For what it's worth, the Great Trains locos used Northwest Short Line motor blocks. They're pretty decent motor blocks; I've used them for a few projects over the years without issue. 

Later, 

K


----------



## Engineercub (Oct 18, 2008)

Well "The-other-Ray" which, I assume is in reference to the awesome Ray Manley, I hate to have bidded against you, but on the bright side, I will not be competition in the future. I do and will pay some big bucks for Conrail nostalgia, unfortunately. This is a good thing and a bad thing.

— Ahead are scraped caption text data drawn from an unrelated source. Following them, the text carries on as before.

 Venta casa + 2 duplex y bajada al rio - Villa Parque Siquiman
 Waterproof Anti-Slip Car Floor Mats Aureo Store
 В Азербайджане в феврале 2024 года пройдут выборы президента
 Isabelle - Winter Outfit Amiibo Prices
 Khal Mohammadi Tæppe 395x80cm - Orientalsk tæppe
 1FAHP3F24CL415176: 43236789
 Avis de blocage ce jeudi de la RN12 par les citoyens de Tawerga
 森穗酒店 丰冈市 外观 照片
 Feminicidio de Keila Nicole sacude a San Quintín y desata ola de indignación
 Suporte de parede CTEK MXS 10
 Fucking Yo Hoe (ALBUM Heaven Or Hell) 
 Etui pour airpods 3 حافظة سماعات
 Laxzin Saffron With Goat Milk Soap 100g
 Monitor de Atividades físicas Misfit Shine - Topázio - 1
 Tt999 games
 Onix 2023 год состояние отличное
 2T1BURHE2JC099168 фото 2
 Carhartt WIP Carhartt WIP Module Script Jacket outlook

For me a good thing in that I will get some great Conrail show-offs in G-scale but a bad thing in that other Conrail fans will be a little angry at me =( . I hope you aren't too angry about it. If for some reason I ever decide to sell it I will come straight to you since you have told me this. Competition does suck I agree. I'd rather us be friends ^^

-Will


----------



## vsmith (Jan 2, 2008)

Yep GT made some good stuff, Ray got my Superliners and my F40bash, as the threads above show, at least he has a layout big enough to let them roam. I find it really surprising that these molds never resurfaced after GT went under, or that no maker has yet to make either Supers or the F40 again in any scale.


----------



## Jerry Barnes (Jan 2, 2008)

They ended up with a guy in Salt Lake. Used to have some ads in Garden Railways, 'Silver' something was the name. Not sure what happened to him.


----------



## Engineercub (Oct 18, 2008)

Recieved the locomotive and just figured I'd share for all who are interested. The scale of the pics is terrible looking for some reason but you get the idea....

-Will


----------



## Spule 4 (Jan 2, 2008)

Neat model, wonder how much detailing could be done to improve it? 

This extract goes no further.